Two other great small museums to explore

When Peter and I were in Paris in October, we went to several exhibits, two of which were in small museums that are well worth a visit. The first is the Musee Jacquemart-Andre, at 158 Boulevard Haussmann in the 8th arrondisement. You can get there by metro, line #9. This museum was built as a private home at the end of the 19th century and still feels like a home as you walk through- not that it resembles any home you or I live in! There are both “state apartments” and “informal apartments” that you can wander through, giving a great feel for life as an aristocrat of the time, and that’s before you even go to whatever the current exhibit is.  The exhibit we saw (which is there till January 21st) is a celebration of two Venetian artists, Canaletto and Guardi. It is an exhibit that will give you fond memories of Venice if you’ve been and will make you want to go if you haven’t. The one thing to be aware of in this museum is that the rooms for the exhibit are relatively small, so try to go at the end of the day when the crowds are smaller.  

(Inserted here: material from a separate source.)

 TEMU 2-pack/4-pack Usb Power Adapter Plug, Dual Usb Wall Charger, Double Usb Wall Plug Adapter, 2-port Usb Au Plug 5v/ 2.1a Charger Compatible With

The second museum is the Pinacotheque de Paris, which is right in the Place Madeleine, also in the 8th arrondisement. There is an INCREDIBLE exhibit there through March 17th comparing Van Gogh’s Japanese-inspired work with Hiroshige, an amazing Japanese wood block print artist. The museum is actually housed in two buildings, next to each other, and each of the exhibits is in one of the buildings. It’s a unique chance to really see the Japanese influences on Van Gogh and you will be amazed by both artists. My suggestion is go to Hiroshige first, then with those images in your mind, go across the street to the Van Gogh exhibit. For Hiroshige, you’ll find you want to stand as close as you can to really see the incredible detail in his block prints. For Van Gogh it’s the opposite. Standing back brings the images into focus through the broad paint strokes. We went about 11:00 in the morning, so it felt like we had fewer people (maybe because it was around lunch hour)? It let us spend an hour or so with each artist. I was never a wood block fan, but came away totally hooked. Peter was not a Van Gogh fan, and came away totally mesmerized. It’s a wonderful way to spend a couple of hours, and then go sit and have lunch at one of the multitude of cafes around that area to discuss what you’ve seen. Incredible!!